It may seem in rather poor taste to hold an exhibition celebrating the life and legacy of President John F. Kennedy in what is, in effect, a glorified book depository. After all , the National Archives of Japan is the kind of building from which Kennedy’s alleged assassin struck on that fateful day in November 1963.

But actually, the Archives—located next to the Museum of Modern Art Tokyo and across from the Emperor’s palace—is a logical choice of venue, because the exhibition focuses on documents, letters, and papers related to the life of America’s most famous and tragic post-war President.

Kennedy inspects a space shuttle at Cape Canaveral in 1962

Kennedy inspects a space shuttle at Cape Canaveral in 1962

The exhibition—free to the public—opened with much fanfare, including visits from Prime Minister Shinzo Abe and the U.S. ambassador, President Kennedy’s daughter Caroline.

This underlined the importance of the Japan-U.S. alliance in the past, when the world faced the threat of communism, and today, when the U.S. is keen to maintain its superpower status in a fast-changing Asia-Pacific.

Along with the letters, posters, and speech notes are some information boards, videos, and pieces of artwork, including a drawing Caroline did for her father; allowing the visitor to build a picture of a president obscured by his iconic status. What emerges is a man strongly anti-communist—much more than is realized—and a cunning politician with a carefully-crafted “family man” image we now know was largely false.

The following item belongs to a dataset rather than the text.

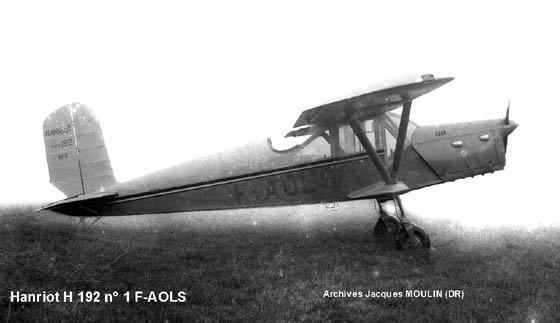 Hanriot H-192N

The most interesting items are those focusing on the 1943 incident in which Kennedy had a brush with death when his PT-109 patrol boat was rammed by the Japanese destroyer Amagiri.

Navy ID tag from Kennedy’s days as Lieutenant

Navy ID tag from Kennedy’s days as lieutenant

The exhibition has a painting of this dramatic event, which set the groundwork for Kennedy’s electable image of “war hero.” But an exchange of correspondence from 1952 to 1953 with the captain of the Amagiri also reveals a more calculating side of Kennedy’s mind. His reply comes a full five months after he received Captain Hanami’s letter, suggesting that he was only interested in replying when he realized the political benefits of appearing magnanimous and boosting U.S.-Japan ties at an important juncture in the Cold War.

Kennedy comes across as sometimes sly, sometimes gung-ho, sometimes even idealistic. He was prepared to gamble and make the grand gesture, as with his decisions to publicly launch the space race and confront the Soviet Union over its placing of missiles in the sovereign territory of its Cuban ally. Several items testify to the tension and paranoia of the famous Cuban Missile Crisis, including Kennedy’s hand-scribbled notes with ‘missile’ circled.

Perhaps the most striking item is a large color photo of Kennedy’s inauguration, which includes around 200 VIPs and luminaries, including former President Eisenhower and future presidents Lyndon B. Johnson and Richard Nixon, but not a single non-white face. Quite a contrast with today, when a black president presides over a country where whites are already a minority of new births.

National Archives of Japan, until May 5.